My first name is of French origin and originally meant “fame” and “spear,” which…fits.

But “Roger” has so many other meanings, fun and more fun. It’s radio parlance for “affirmative,” which has an interesting WWII etymology. Then there’s the slangy, sexual organ/sex-act twists the Brits gave it.

Today’s “Around the World with Netflix” title opens by letting the world know what it can mean in Nigeria. A “roger” is a bribe, which inspires the obvious piratical title “Jolly Roger.”

The film is something of a non-starter, a tepid domestic melodrama married to a hostage thriller involving bribe-happy cops and one guy who plots his revenge. But it’s a short trip to a distant culture, even if that culture is barely sampled here.
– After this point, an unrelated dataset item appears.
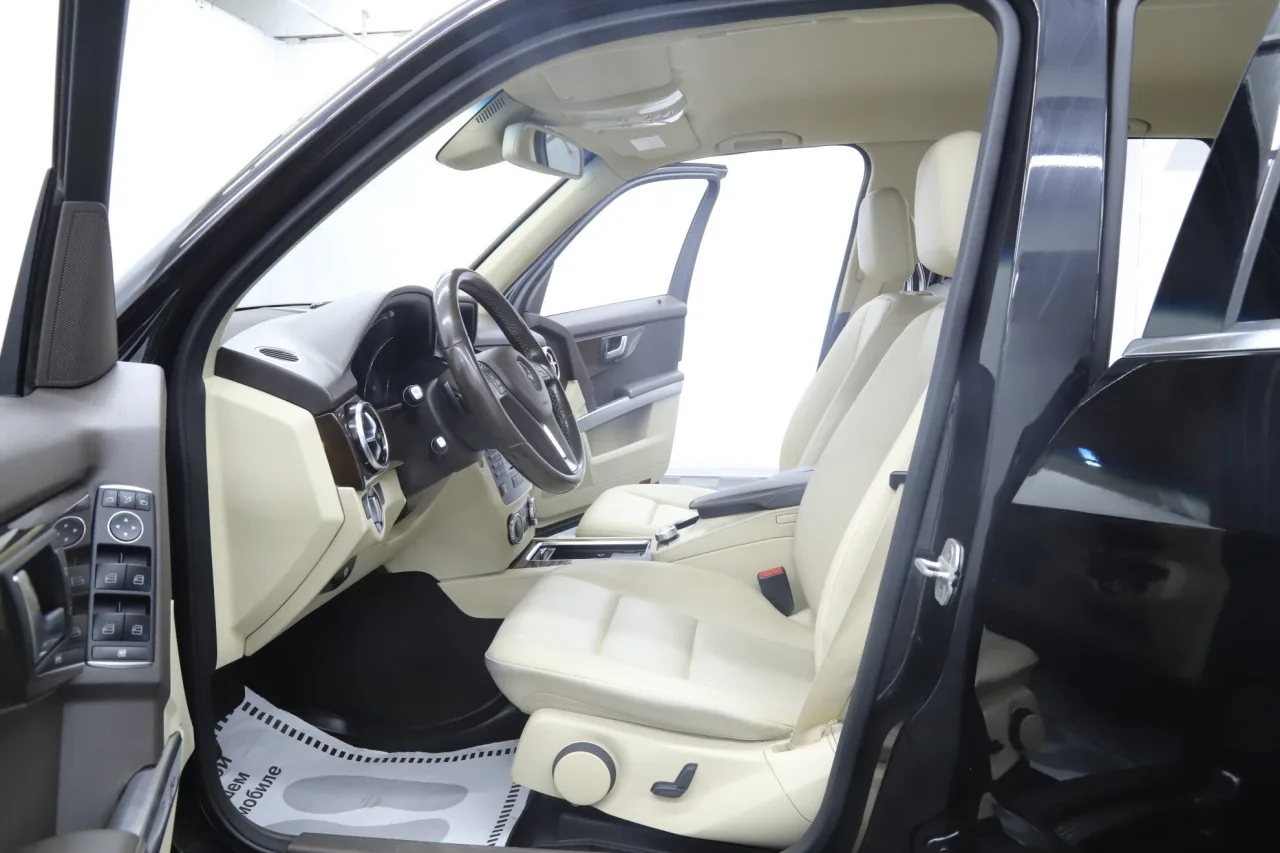 Mercedes-Benz GLK-Класс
Our narrator tells us that the human “brain functions for 15 minutes — maybe it was 50 — after death.” So that’s how much time he has to tell this 88 minute tale.

We’re treated to the shakedowns that two corrupt Nigerian policemen (Toyin Oshinaike and Frank Donga) run, traffic stops where they climb into the car with you for threats, a search for signs the driver is an “internet fraudster.” They don’t ask for ID. They go straight for “Where is your LAPTOP?”
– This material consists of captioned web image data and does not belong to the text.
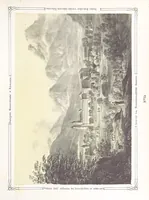 An illustration from Vaterländische Bilder-Chronik aus der Geschichte des österreichischen Kaiserstaates. Von seinen ältesten Bewohnern bis auf die gegenwärtige Zeit ... Bearbeitet und mit Original-Handzeichnungen ausgestattet von A. Z (1843)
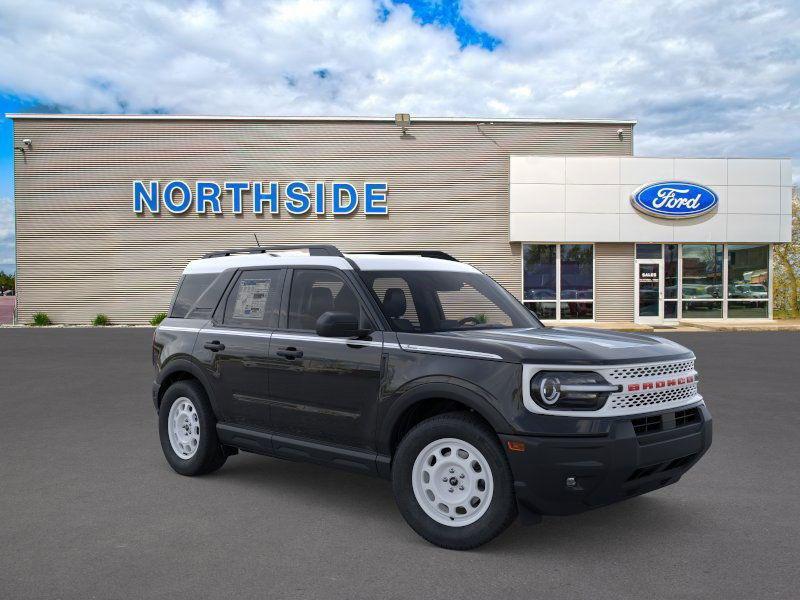 new 2025 Ford Bronco Sport car, priced at $35,113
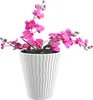 nabbi Kunststoff-Pflanzgefäß DBSP350 34,9 cm - weiß Produktbild-Vorschau 13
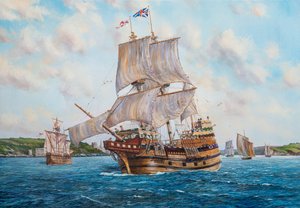  af PETER GOODHALL
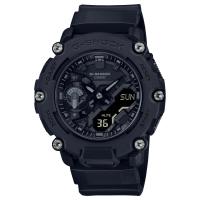 G-Shock serie GA-2200, nero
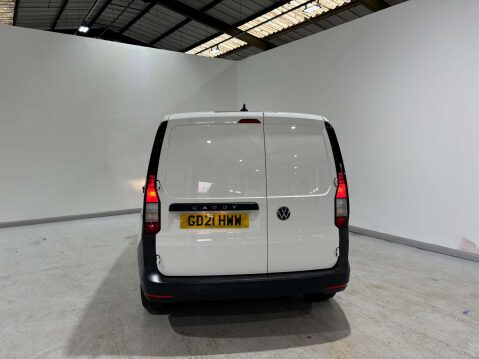 Volkswagen Caddy C20 2.0 Commerce TDI 34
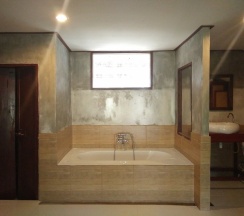 Номер Superior с балконом в Pai Park Cottage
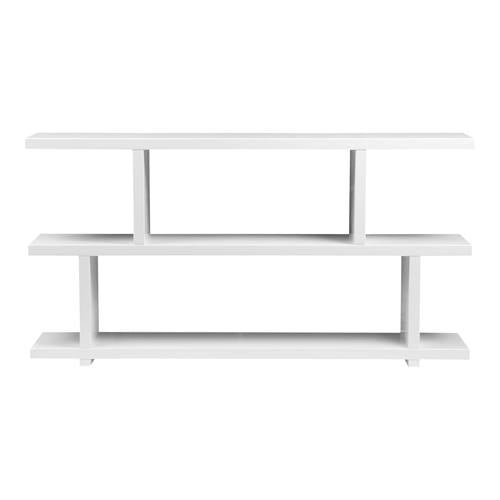 Miri Shelf Small White by Moe's Home Collection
And you thought everybody was in on the Nigerian prince email scam.

As is the way of things, the nicer the car, the bigger the bribe.
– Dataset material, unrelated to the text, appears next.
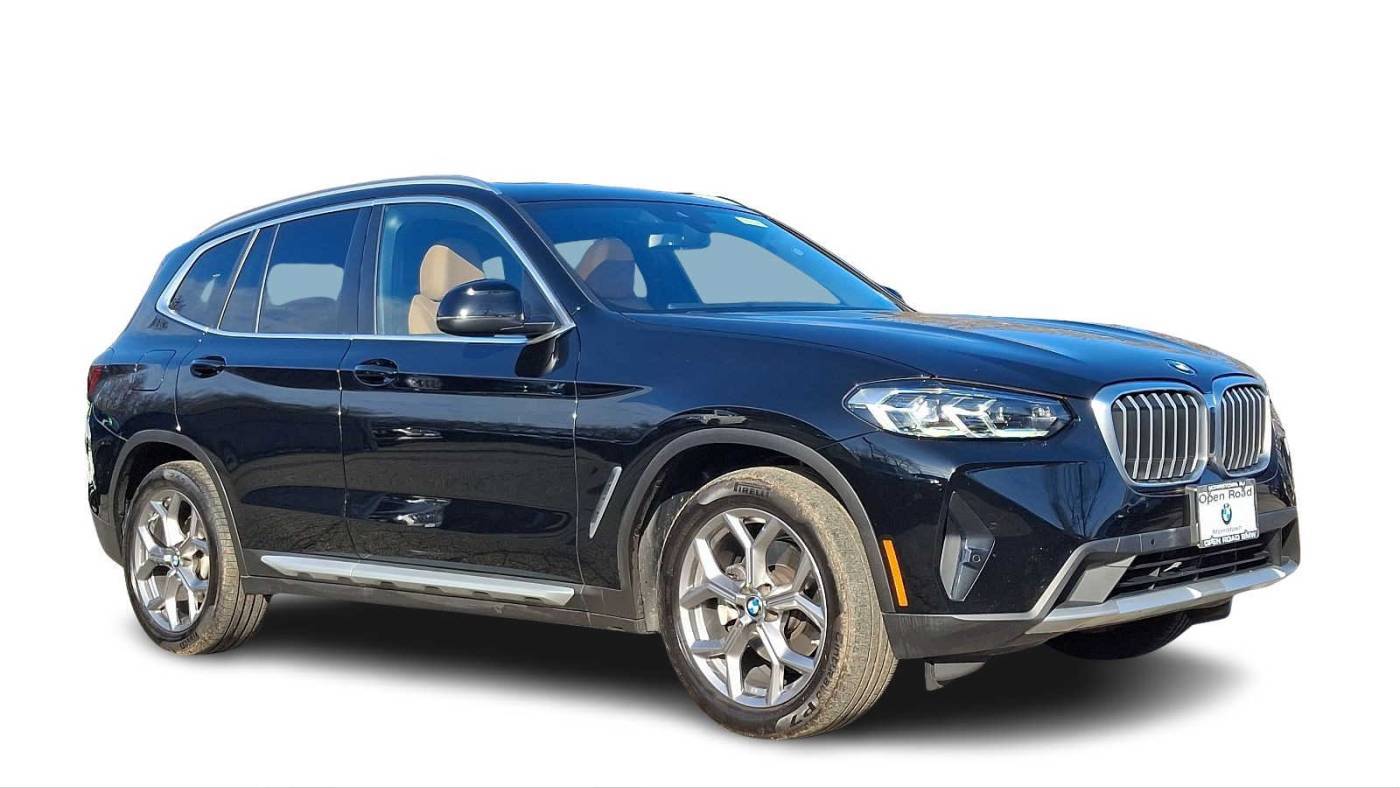 2022 BMW X3 30i — SUV — 32,041 mi — Morristown, NJ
Flashbacks show us a love affair between Brume (Daniel Etim Effiong) and Najite (Toni Tones). It began six years before, and as events in the present progress towards one shakedown that ends up with the cops in cages, we see how that romance and marriage was impacted by these goons with badges.

Officer Felix and Officer Yaw wake up stripped, tased and taunted by two captors, one of whom is particularly enraged and on task. That’s Brume.

“Your chickens have come home to roost,” he crows. But there is no delight in this. This is about revenge.

His accomplice (Deyemi Okanlawon) may be “the weak link,” according to older officer Yaw (Donga). But how can they parlay that into a get away, a turning of the tables?

The acting has a stiff, starchy nature which is a characteristic of a lot of Nollywood films in English. That adds to the general lackluster pacing, characters carefully choosing and enunciating words in scene after scene, too many of those scenes dramatically flat.

The hostage situation has an inherent tension, but it’s never less than predictable, never more than lukewarm. The domestic scenes — mother-in-law problems and efforts to get pregnant — are soap operatic in the extreme.

There’s nothing here most of the world hasn’t seen before, and done better. But “Jolly Roger” gives us a tiny taste of Nigerian life, a culture in which even its affluent professionals are at the mercy of armed, state-sponsored shakedown artists with badges.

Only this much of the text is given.